22.09.2021 - 11:51 Uhr
NabburgOberpfalz

"Geburt der Linie" in einer Ausstellung im Schmidt-Haus Nabburg

Für Bürgermeister Frank Zeitler (rechts) war es eine Freude, zusammen mit stellvertretendem Landrat Richard Tischler (Mitte hinten) und Museumsleiterin Christa Haubelt-Schlosser (links) die von Wolfgang Neiser (Dritter von links) konzipierte Ausstellung „Die Geburt der Linie“ zu eröffnen.
von Autor AUBProfil

Linear gesehen ist die "Die Geburt der Linie" unter den bisherigen Ausstellungen im Museum im Schmidt-Haus die ungewöhnlichste. Sie zeichnet "wesentliche" Eckpunkte des sonst eher unbewussten, kreativen Gestaltungsprozesses nach. "Die Geburt der Linie" mitzuerleben, war nicht nur für Bürgermeister Frank Zeitler ein besonderes Erlebnis als erste Ausstellungseröffnung seiner Amtszeit. Auch Landrat-Stellvertreter Richard Tischler betonte die von keinem Online-Angebot übertreffbare Authentizität eines solchen "Live"-Events. Beide begrüßten in kurzen Statements anlässlich der Vernissage die Revitalisierung der regionalen Kunst- und Kulturszene, für die das "Museum im Schmidt-Haus" stets ein prädestinierter Ort sei. Hörbar wurde dies auch in der musikalischen Begleitung von Carolina Schmidl und Andreas Schmidt.

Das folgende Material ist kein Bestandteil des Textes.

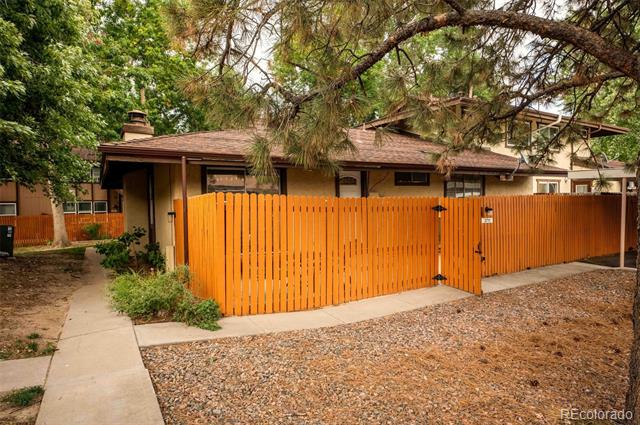 Single-story home behind an orange wooden privacy fence, shaded by mature trees.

Mit der Ausstellung "Die Geburt der Linie" setzt Konzeptor Wolfgang Neiser dort jedoch einen ganz neuen, überraschenden Akzent, wie Museumsleiterin Christa Haubelt-Schlosser in ihrer Einführung erläuterte. Bei diesem Projekt bringt der ehemalige Geistliche umfangreiche Erfahrungen seiner eigenen "Lebenslinie" aus dieser Tätigkeit, dem Studium der Kunstgeschichte und Philosophie, wissenschaftlicher Mitarbeit am Historischen Museum Regensburg, aber auch als zertifizierter Coach und aktuell stellvertretender Leiter der Kunstsammlungen des Bistums mit ein, um der "Linie" auf die Spur zu kommen. Dabei ist es "gar nicht so leicht, die Gedanken auszuschalten, um zum schöpferischen Ursprung menschlichen Ausdrucks zurückzufinden", zitiert ihn die Laudatorin.

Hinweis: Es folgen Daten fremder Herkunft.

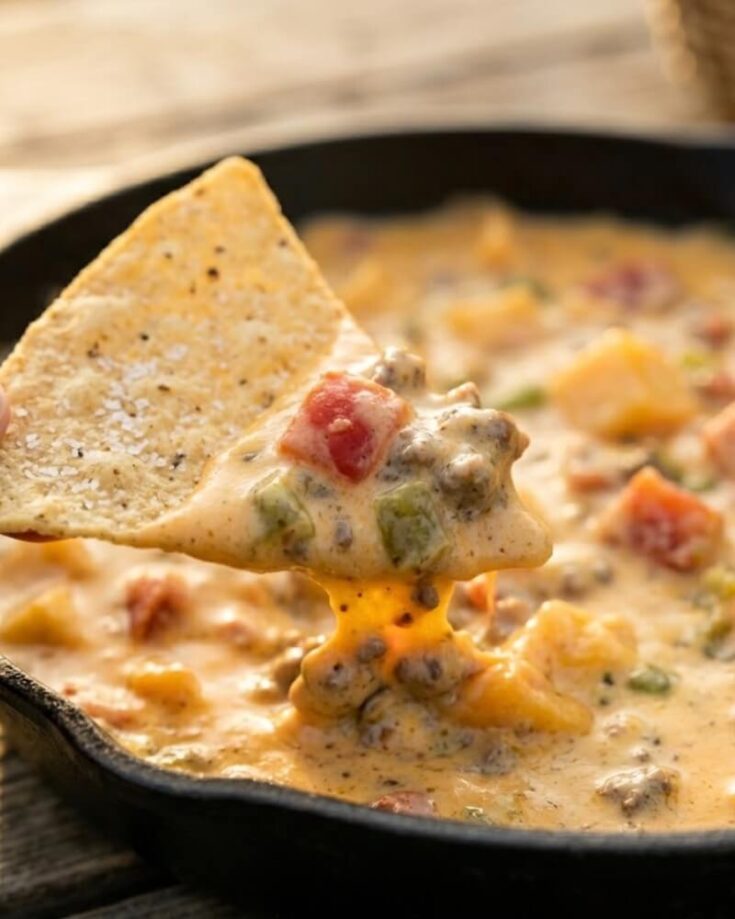 A tortilla chip dipped into a skillet of creamy queso dip with ground beef, tomatoes, and green peppers. The cheesy dip stretches from the skillet to the chip.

Auch das Publikum sollte mit offenen Augen und wachen Sinnen der Fährte folgen, die Neiser dem Betrachter "vorgezeichnet hat". Zwar präsentiert er (im Café) wie gewohnt auch ausgewählte Werke als Resultate eines Entstehungsprozesses, vorwiegend jener Künstler, die ihn bei seiner Recherchearbeit inspirierten, sinnbildlich jedoch für die "existenzielle Basis" dessen, läuft "seine" klare Linie über die pure Wand als dreidimensionales "Skip-Book" der Kunst- und Naturwissenschaft: "Ich zeichne gerne Kommunikationsvorgänge skizzenhaft auf, teile Inhalte in gegliederte Schemata auf, notiere mir linear Gedächtnisstützen, um mir Gegebenheiten schnell einzuprägen".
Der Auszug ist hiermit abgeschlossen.